COIL+モードは、自動でコイルリセット動作を行うモードです。
パフの後に設定値の40%の出力で0.4秒加熱し、コイルをリセットします。

こちらも、WATTAGEとVOLTAGEが選択できます。

REFRESHは、設定値の40%の出力でのコイルリセットを手動で実行する機能です。

1xは一定時間自動で稼働
EXTENDEDはファイアボタンを押している間のみ稼働

SETTINGSを選択すると、更に設定メニューが表示されます。

  • 画面表示の変更(簡易/詳細)
  • 画面の表示時間
  • カットオフの時間
  • デバイスID表示
  • パフカウンターリセット

吸ってみる

0.25Ωコイル

初期装着の0.25Ωのコイルで、SCREWBACCOを吸ってみました。

初回のリキッド補充時はコイルにリキッドが浸透するまで数分置いてから吸う必要があります。
私の場合は念の為10分以上は置いています。

出力は推奨に沿って30〜35wで、エアフローは全開。

エアフローは全開だと結構軽め、ですがこのコイルだと全開でちょうどよさそうです。
AFCレバーは意外と制度が高く、絞っていくと結構重く出来ます。
全閉だとほとんど吸えませんが、1mm〜2mm開きくらいすると普通にMTLできそう。

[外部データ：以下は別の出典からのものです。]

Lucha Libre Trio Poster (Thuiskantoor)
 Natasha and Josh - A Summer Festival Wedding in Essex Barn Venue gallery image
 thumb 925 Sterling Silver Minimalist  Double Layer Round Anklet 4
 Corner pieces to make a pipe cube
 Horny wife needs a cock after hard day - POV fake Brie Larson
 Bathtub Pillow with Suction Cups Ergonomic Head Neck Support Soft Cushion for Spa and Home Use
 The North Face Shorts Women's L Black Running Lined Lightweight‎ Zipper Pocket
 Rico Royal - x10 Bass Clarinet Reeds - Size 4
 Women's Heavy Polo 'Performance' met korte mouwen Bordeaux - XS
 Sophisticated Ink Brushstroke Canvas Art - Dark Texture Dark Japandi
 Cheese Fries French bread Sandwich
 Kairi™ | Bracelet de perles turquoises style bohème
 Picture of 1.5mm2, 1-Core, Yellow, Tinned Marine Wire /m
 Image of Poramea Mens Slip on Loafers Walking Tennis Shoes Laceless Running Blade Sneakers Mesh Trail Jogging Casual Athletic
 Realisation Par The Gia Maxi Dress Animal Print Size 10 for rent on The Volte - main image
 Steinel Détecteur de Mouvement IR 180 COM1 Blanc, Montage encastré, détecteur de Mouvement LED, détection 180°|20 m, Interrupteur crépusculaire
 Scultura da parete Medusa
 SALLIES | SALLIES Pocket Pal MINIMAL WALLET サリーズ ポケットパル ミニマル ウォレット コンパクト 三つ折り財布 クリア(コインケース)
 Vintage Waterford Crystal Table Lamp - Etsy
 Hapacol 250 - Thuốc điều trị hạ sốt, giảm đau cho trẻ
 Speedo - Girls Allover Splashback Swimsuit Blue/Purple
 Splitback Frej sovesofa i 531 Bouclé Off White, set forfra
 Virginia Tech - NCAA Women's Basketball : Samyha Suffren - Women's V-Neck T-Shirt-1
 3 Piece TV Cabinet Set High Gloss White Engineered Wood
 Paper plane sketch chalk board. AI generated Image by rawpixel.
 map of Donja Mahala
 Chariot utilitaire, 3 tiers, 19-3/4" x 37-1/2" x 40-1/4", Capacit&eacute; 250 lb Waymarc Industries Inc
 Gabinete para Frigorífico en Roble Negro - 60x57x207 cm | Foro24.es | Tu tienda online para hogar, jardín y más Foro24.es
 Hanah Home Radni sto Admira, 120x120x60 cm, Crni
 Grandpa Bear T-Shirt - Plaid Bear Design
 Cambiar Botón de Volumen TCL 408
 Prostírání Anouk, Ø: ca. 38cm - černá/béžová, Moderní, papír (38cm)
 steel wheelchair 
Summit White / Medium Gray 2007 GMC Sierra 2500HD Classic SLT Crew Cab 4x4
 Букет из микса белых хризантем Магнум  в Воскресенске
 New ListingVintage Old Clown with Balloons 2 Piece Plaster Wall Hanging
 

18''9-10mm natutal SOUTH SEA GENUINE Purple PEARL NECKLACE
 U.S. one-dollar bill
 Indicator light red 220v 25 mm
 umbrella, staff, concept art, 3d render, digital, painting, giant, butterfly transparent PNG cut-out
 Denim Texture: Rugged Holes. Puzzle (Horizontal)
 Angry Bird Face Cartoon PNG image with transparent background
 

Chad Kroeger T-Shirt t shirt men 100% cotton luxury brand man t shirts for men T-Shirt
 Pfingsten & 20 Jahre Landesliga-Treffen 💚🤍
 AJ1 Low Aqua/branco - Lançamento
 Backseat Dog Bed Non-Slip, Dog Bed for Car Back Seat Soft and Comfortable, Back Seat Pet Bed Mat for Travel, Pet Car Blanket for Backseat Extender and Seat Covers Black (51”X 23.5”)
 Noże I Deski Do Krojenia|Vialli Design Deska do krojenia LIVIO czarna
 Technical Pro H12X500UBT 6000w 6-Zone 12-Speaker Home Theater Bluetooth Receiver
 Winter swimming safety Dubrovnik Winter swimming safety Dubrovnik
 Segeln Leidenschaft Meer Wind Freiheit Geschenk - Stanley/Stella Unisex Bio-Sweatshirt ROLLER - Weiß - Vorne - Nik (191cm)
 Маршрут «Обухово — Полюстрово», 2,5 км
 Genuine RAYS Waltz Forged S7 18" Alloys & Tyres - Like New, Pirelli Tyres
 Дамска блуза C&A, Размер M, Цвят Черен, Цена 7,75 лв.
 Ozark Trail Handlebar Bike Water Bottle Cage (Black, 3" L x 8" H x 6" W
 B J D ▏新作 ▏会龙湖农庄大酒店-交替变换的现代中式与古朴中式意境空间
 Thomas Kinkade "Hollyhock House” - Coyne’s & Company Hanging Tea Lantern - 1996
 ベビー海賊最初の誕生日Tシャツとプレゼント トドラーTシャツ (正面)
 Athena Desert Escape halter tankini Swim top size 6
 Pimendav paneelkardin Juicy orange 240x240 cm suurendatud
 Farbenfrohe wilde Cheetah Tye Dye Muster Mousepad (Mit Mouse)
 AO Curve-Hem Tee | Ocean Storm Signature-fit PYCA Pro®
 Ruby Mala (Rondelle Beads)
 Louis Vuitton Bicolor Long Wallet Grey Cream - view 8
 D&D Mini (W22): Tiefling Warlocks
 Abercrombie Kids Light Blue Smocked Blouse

あんな小さなコイルでしかも低抵抗、こんな低いワッテージで、大丈夫なのかな?と心配しましたが、あれ、いいじゃないの。
味とミスト量は他機種をもっと上の出力を使っている時と遜色ない感じです。

ガッツリ爆煙、という感じではないですが、あのコイルの小ささからは意外に感じるくらいのパフォーマンスです。

FØモードを使ってみる

一番のメインであるFØモード。
初期状態は30Hzになっており、吸った感じ「ん?どう違うんだろう?」となっていました。

ですが周波数を変えてみると意外と口当たりが変わって面白いですね。

20Hz〜500Hzまでの間で調整が出来るのですが、
低い周波数で吸っていると、ちょっと乱暴な加熱になっているというか、リキッドが小刻みに爆ぜているような感じと言ったらいいのかな、
味自体は少し濃く感じます、特にバッコだとストロベリーの感じが強い。

周波数を高くすると、加熱が非常にスムースになります。
しゅわ〜〜って繊細に加熱されている感覚。
口当たりがマイルドになり、風味系のフレーバーをじっくりと感じられる。

自分は口当たりと風味重視なので、後者のほうが好み。

バッテリーのもち

交流でバッテリー効率も良いとあったので、そこも少し気にしてみました。

35wでしばらく吸っていたら、ちょうど100パフのところでタンクのリキッドがほぼ空になりました。
バッテリーは僅かにしか減っていません。

リキッド補充して更に100パフしたら、再度タンクが空に。
自分の吸い方(1パフ2〜3秒)で、35wで吸っているとちょうど100パフでタンクを吸い切るみたい。

この時点でバッテリー残量は半分でした。
(この写真はパフした直後だったので、少し置いたらもう少し増えていました)

3000mAhと元々容量が大きいということもありますが、かなりもってるかも?

私の普段の使用頻度は1日で100パフくらいなので、1〜2日は余裕で使えそう。

ここで充電しちゃったのですが、その後2回くらいリキッドを補充してもまだコイルは味落ちもなくまだまだ使えそうな感じです。

0.65Ωコイル

まだまだコイルも綺麗だし味落ちもなかったので若干名残惜しいのですが、0.65Ωも吸っておきたい、ということでコイル交換。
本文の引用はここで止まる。